True to type, Dell’s 1355cnw all-in-one has a very small footprint – just 410x379mm, yet packs in all the technology required to produce full-colour page prints, copies, faxes and scans.
The all-black machine is very angular, from the 15-sheet Automatic Document Feeder (ADF) over the flatbed scanner to its slab of a control panel, which sticks horizontally out from the front. The controls are well laid out. From left to right, there’s single-click, quick fax dialling, mode keys, a four-line LCD display, menu navigation keys, a number pad and function keys to start and stop jobs.
The front panel, below the controls, folds down to become a 150-sheet paper tray. If you want to leave the machine loaded with paper, a convenient cover for this tray slides out from inside. Paper outputs to a support just above the input tray.
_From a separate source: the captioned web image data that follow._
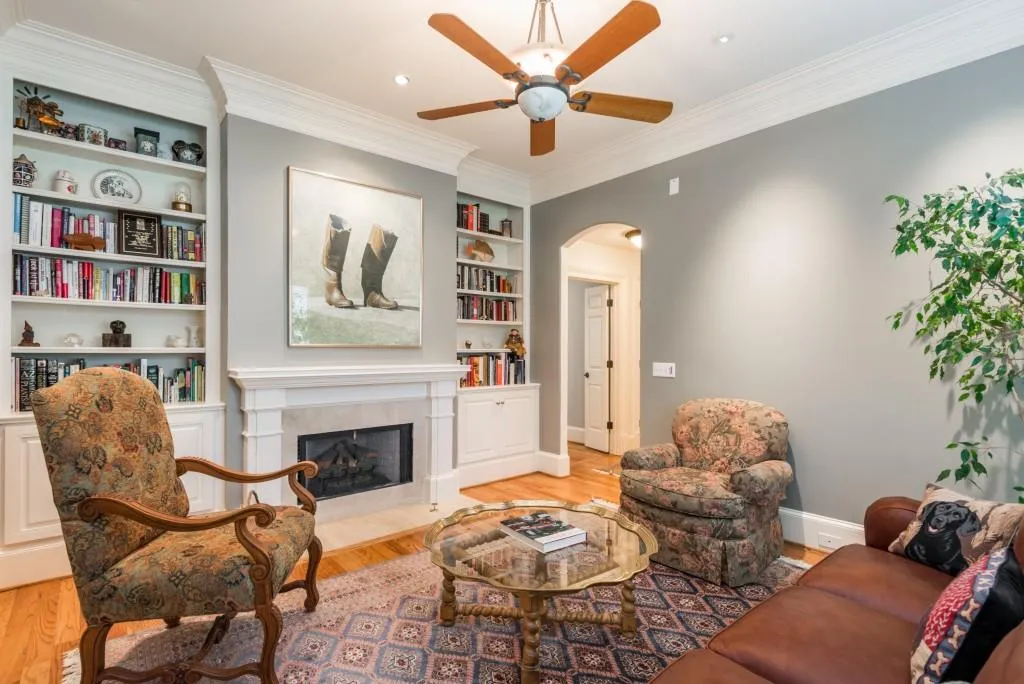102 Kingston Manor, Sandy Springs, Georgia 30342, 5 Bedrooms Bedrooms, ,4 BathroomsBathrooms,Residential,Sold,102 Kingston Manor,5895319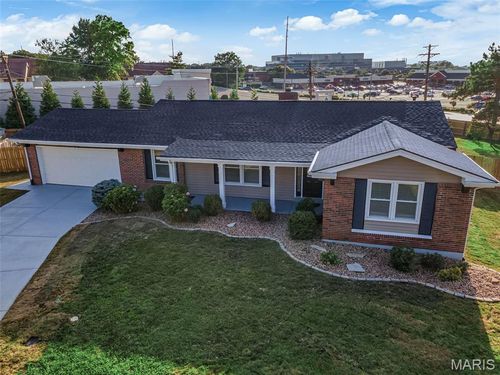 9 Pittsfield Ct, Chesterfield, MO, 63017-2040 | Card Image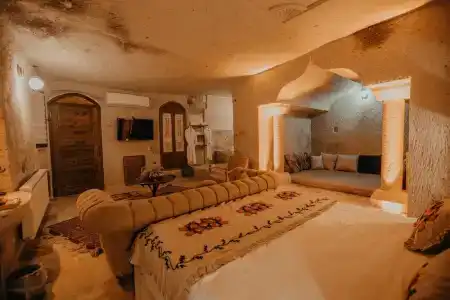 Serenus Cave Suites - 42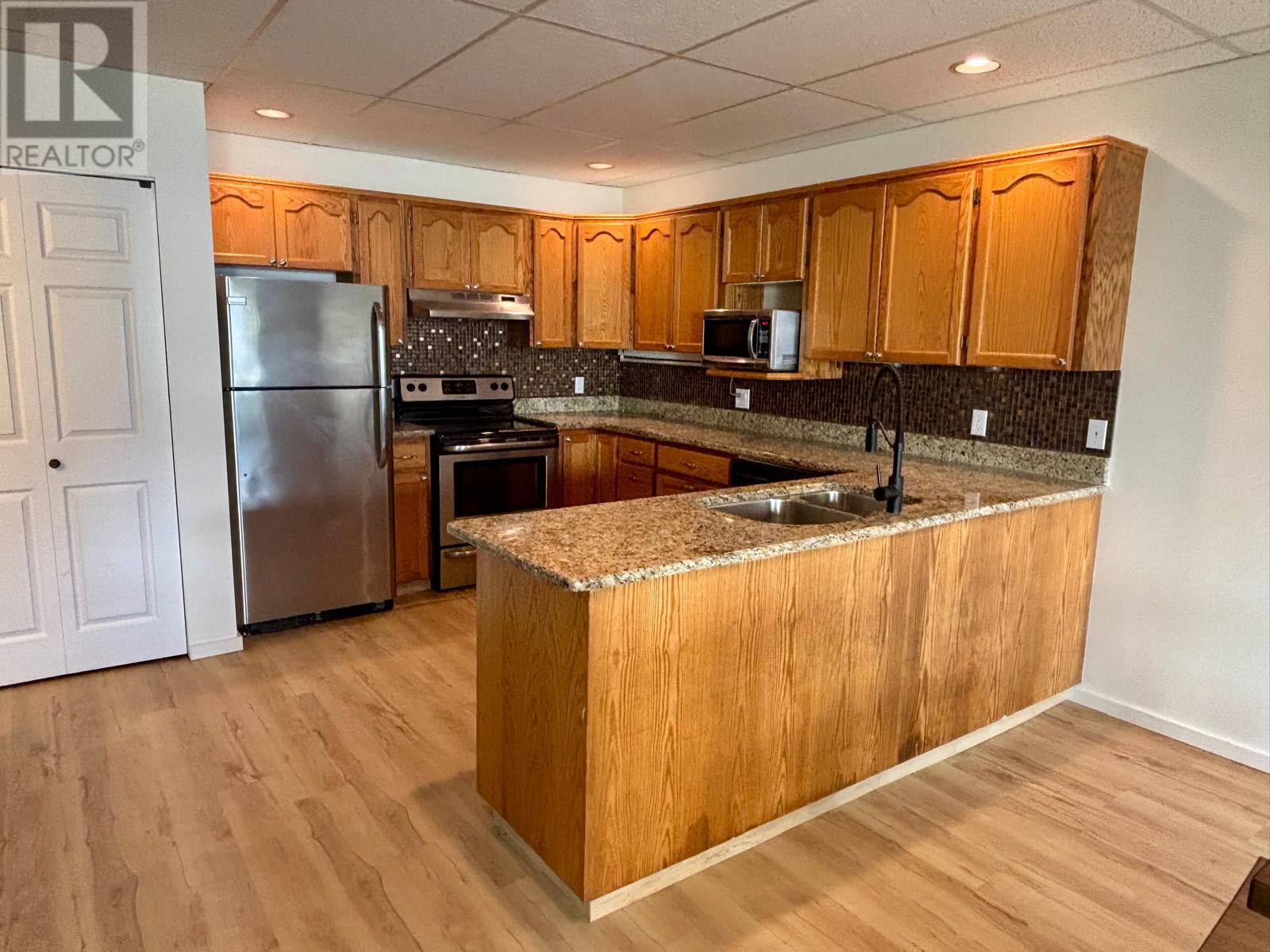 3610 Eagle Bay Road Unit# D, Eagle Bay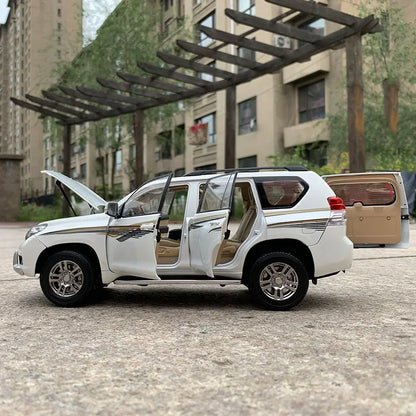 1:18 Land Cruiser Prado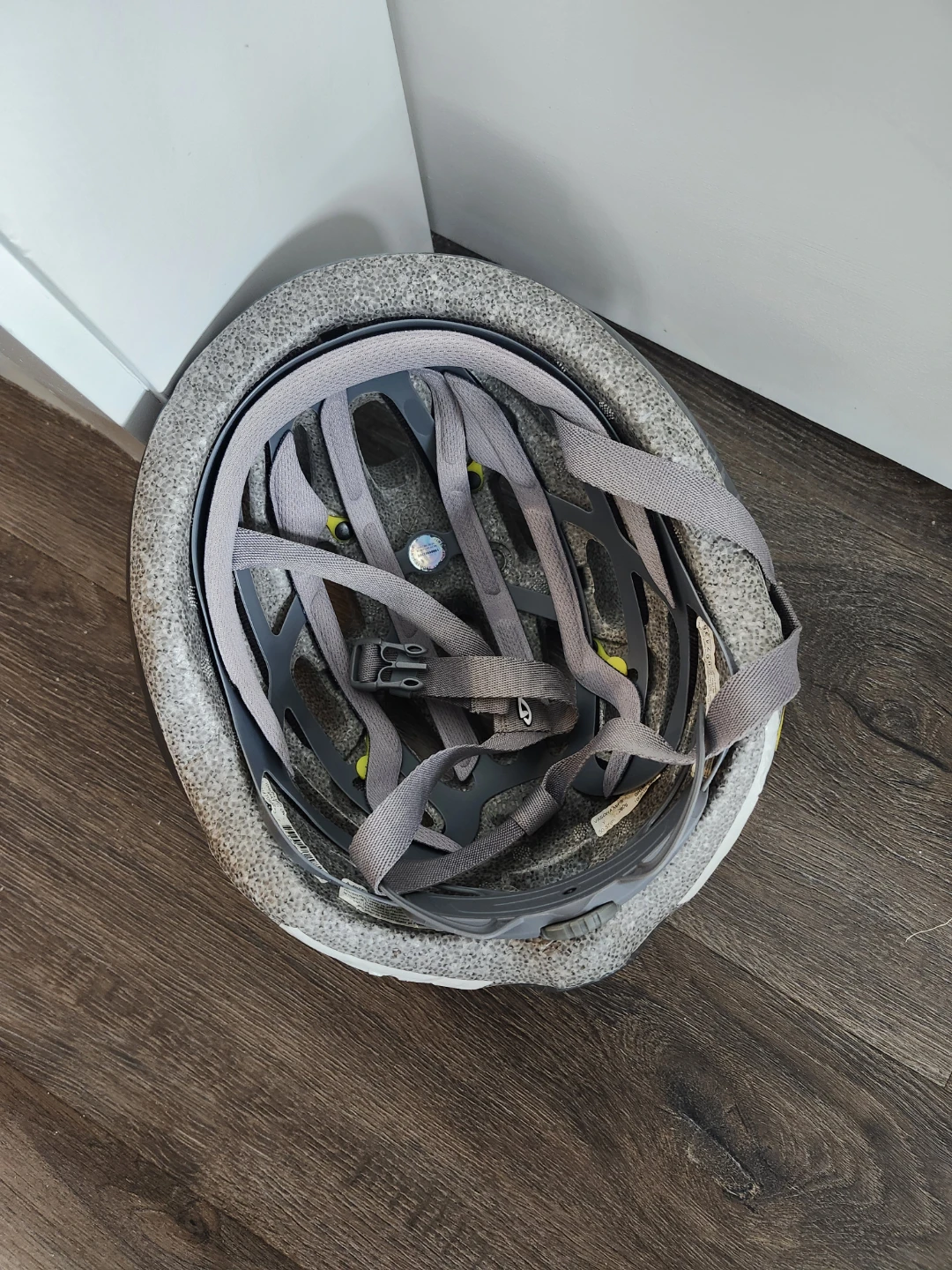 Giro Bicycle Helmet - photo 2
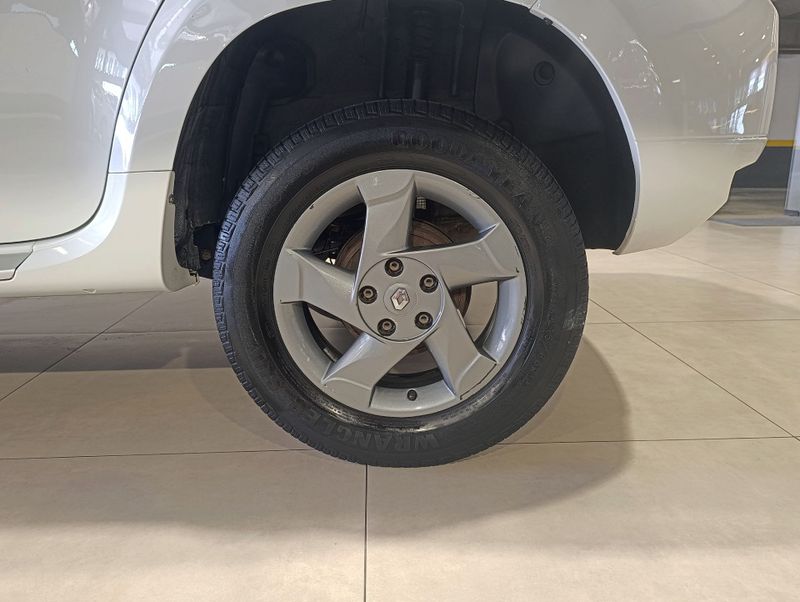 Renault Duster 20 D 4x2a 2012/2013 SIM VEÍCULOS PORTO ALEGRE / Carros no Vale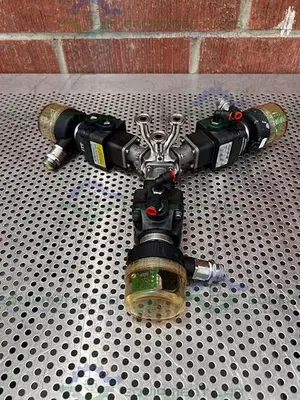 USED 3 ITT ADVANTAGE 4 WAY STAINLESS STEEL DIAPHRAGM VALVES W/ VALVE POSITIONER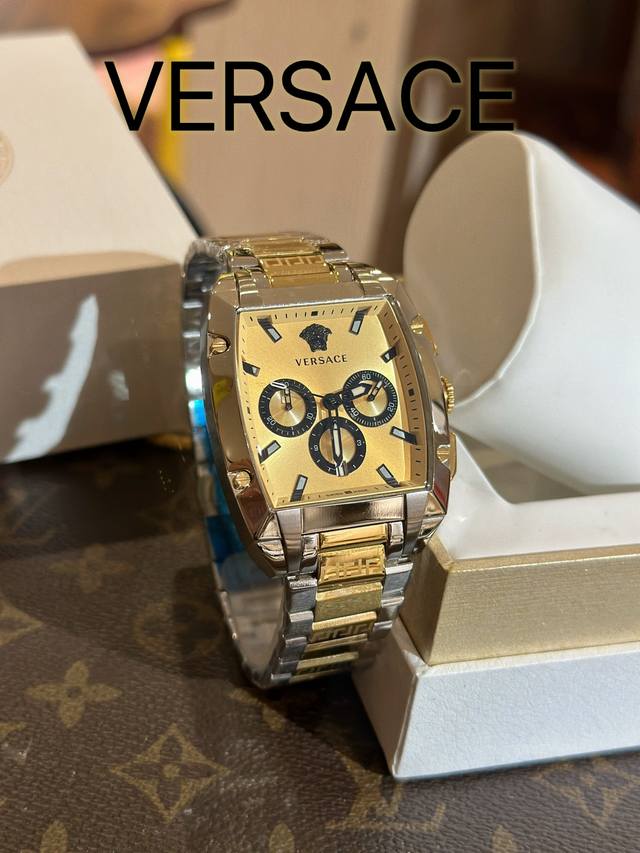 百钢 .金钢 Versace 新款 范思哲 V酒桶系列 全面到货！酒桶形三眼表盘，搭配三个计时盘6时刻计时圈内嵌日期窗口日辉纹盘面折射不同时光影视线，在链节上研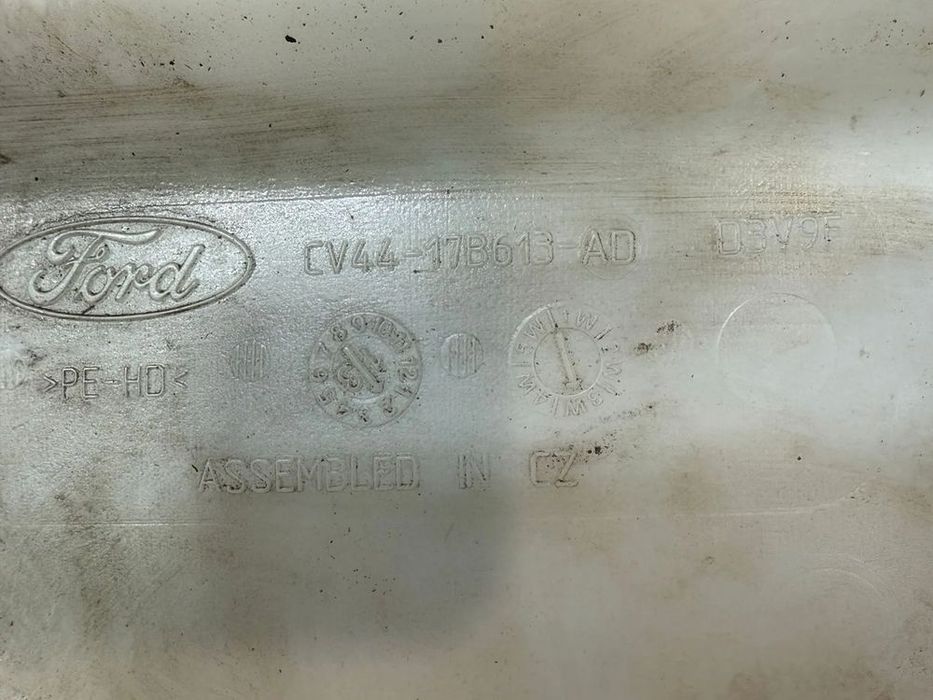VAS LICHID PARBRIZ STROPGEL + POMPA FORD KUGA 2.0 DIESEL 2013 / SUV COD OEM CJ54-17664-AA CV44-17B613-AD 2012-2019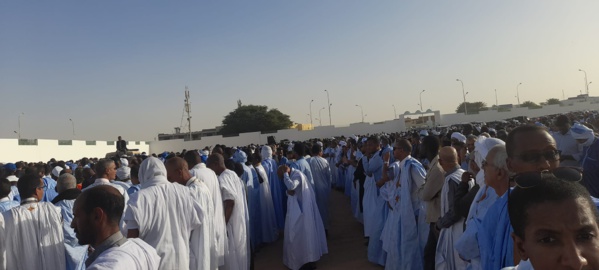 Une foule immense à la prière mortuaire d’Ahmed Hamza Une foule immense à la prière mortuaire d’Ahmed Hamza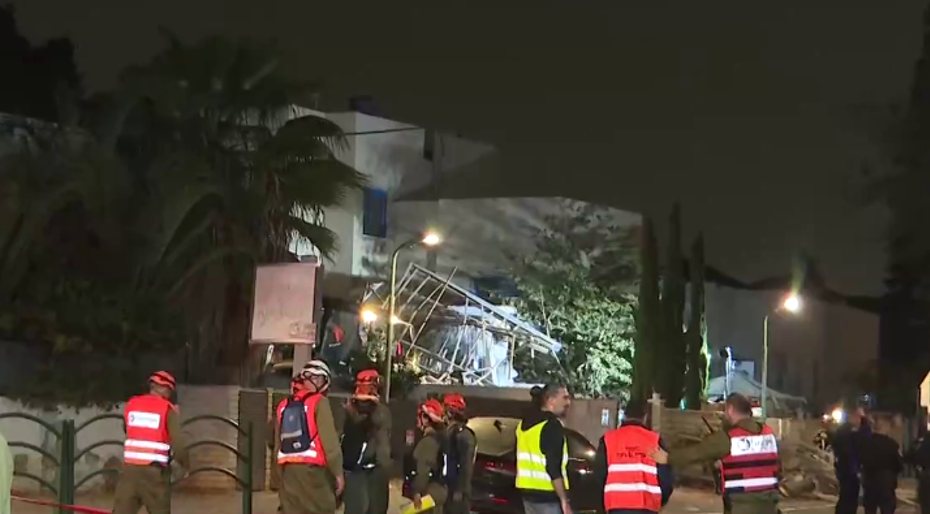 İran füzelerle Tel Aviv'i vuruyor. NTV ekibi patlama bölgesinde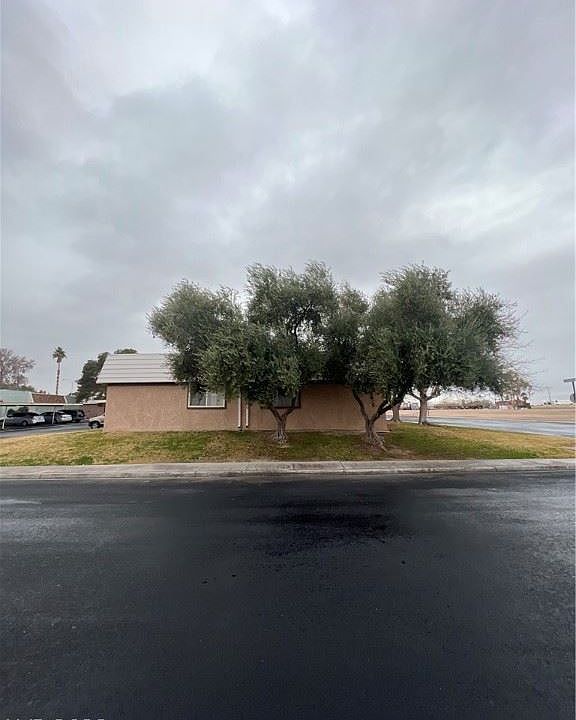 1st image of 3652 Villa Knolls South Dr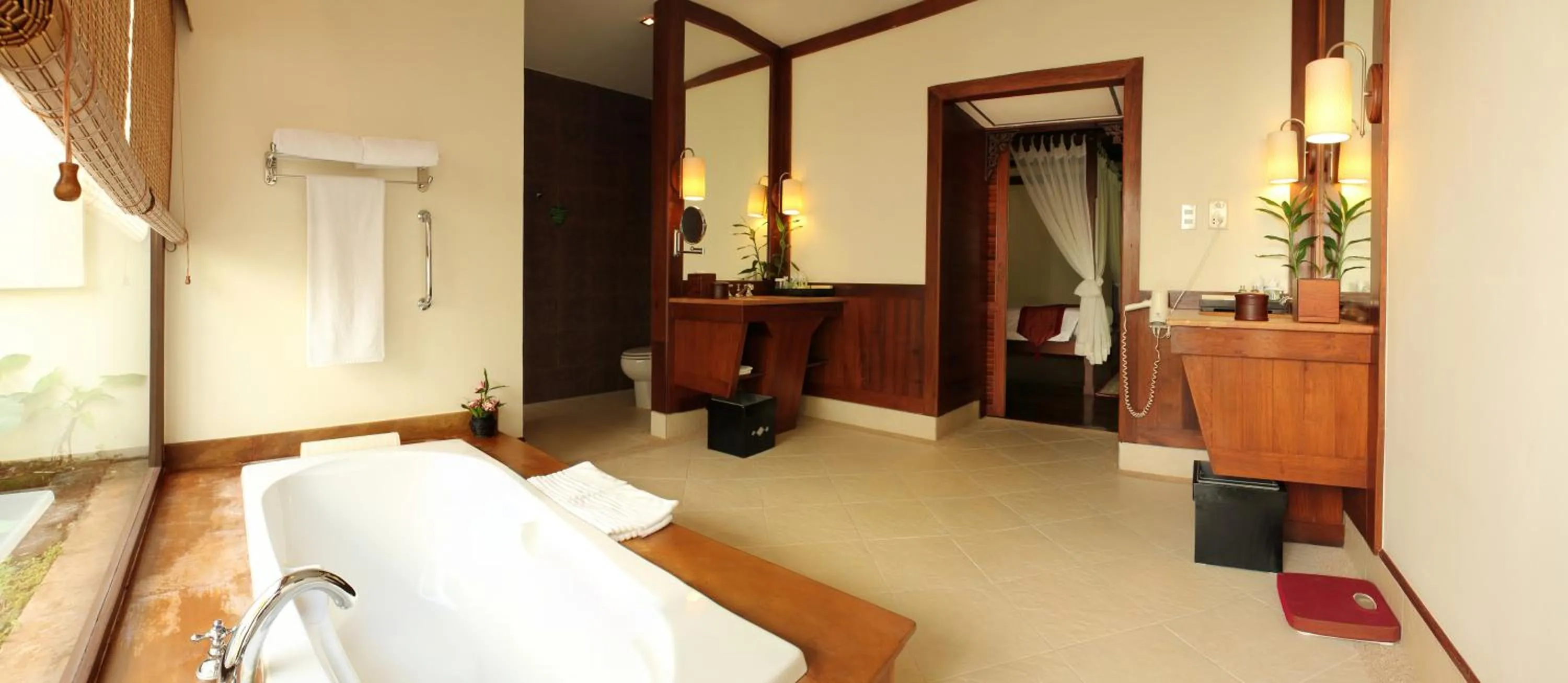 Bathroom, Bed in Angkor Palace Resort & Spa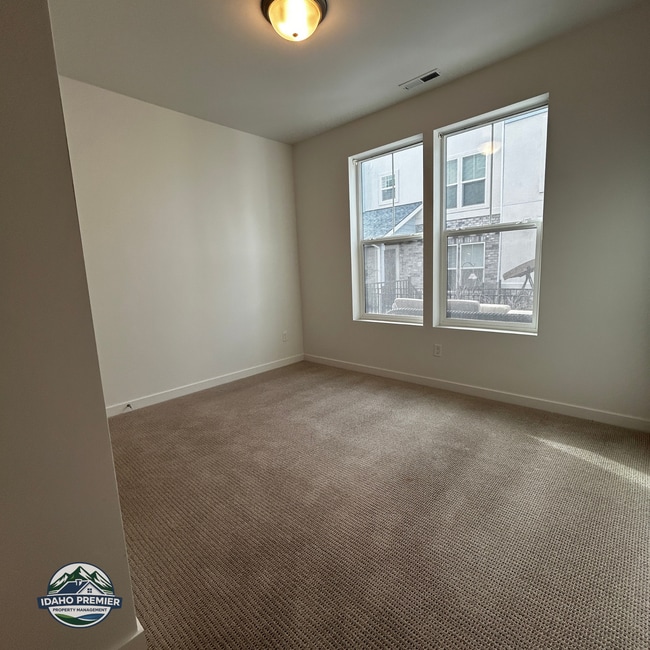 Photo - 1629 N Mumbarto Ln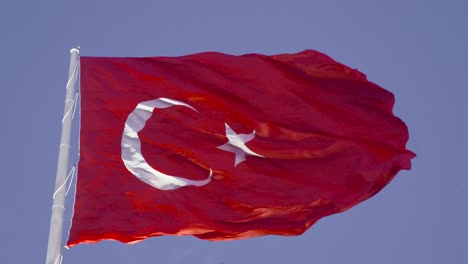 die türkische flagge schwingt nachts.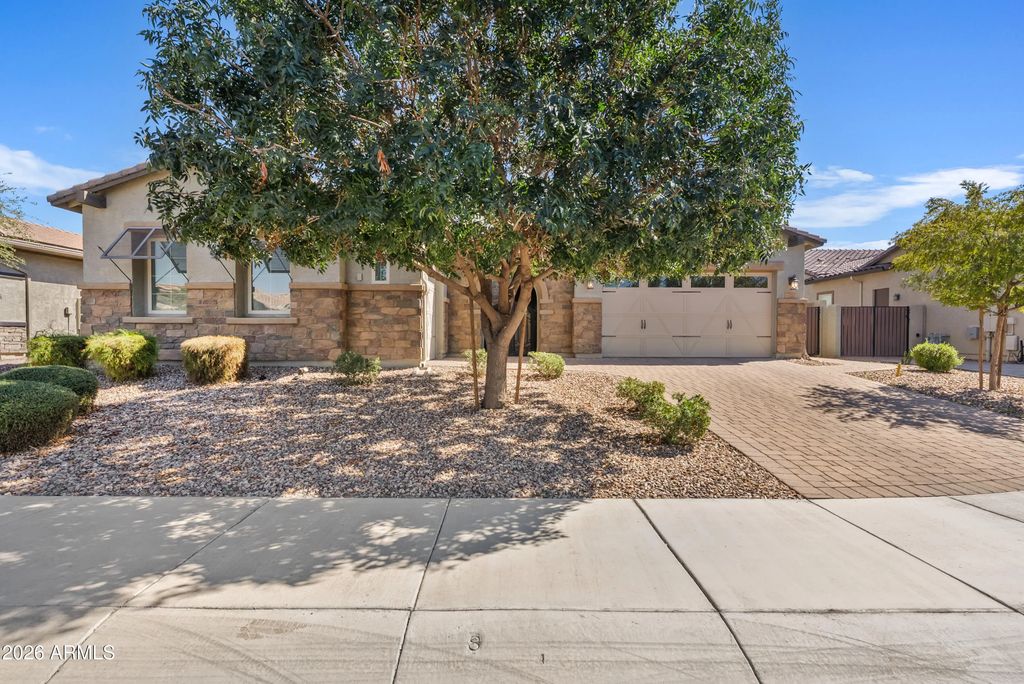 7711 S Barlow Drive, Gilbert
Just to the left of the front-panel is a USB socket that can be used to print photos and other files directly from a thumb drive. It also enables you to save files scanned from the flatbed or auto document feeder onto a removable storage device. There’s a further USB socket the back of the device, along with an Ethernet port, but this version of the machine also supports wireless connection, which is simple to set up and worked without problem.
Drivers for Windows and OSX are supplied as standard and the four toner cartridges, which are the only consumable, plug in very simply behind a hinged flap in the right-hand end.
Print speeds are quoted at 15ppm for black and 12ppm for colour, but under test we saw 10ppm and 7ppm, respectively – still acceptable speeds for this class of machine. The print quality refutes claims sometimes made against LED printers that they don’t have the clarity or precision of lasers. The 600dpi resolution of the 1355cnw is more than enough to produce crisp, clean black text as well as bright, arresting colour graphics – and even passable photo tones, without the gaudiness from which many colour lasers suffer.
The only consumables you need to consider are the toner cartridges, but Dell has priced them high, at £70 for a 2,000-page black and £73 for each of the three 1,400-page colour ones. That’s nearly £300 for a set, or about 19p for each ISO (five per cent coverage) colour page. Most equivalent lasers cost under 13p per colour page.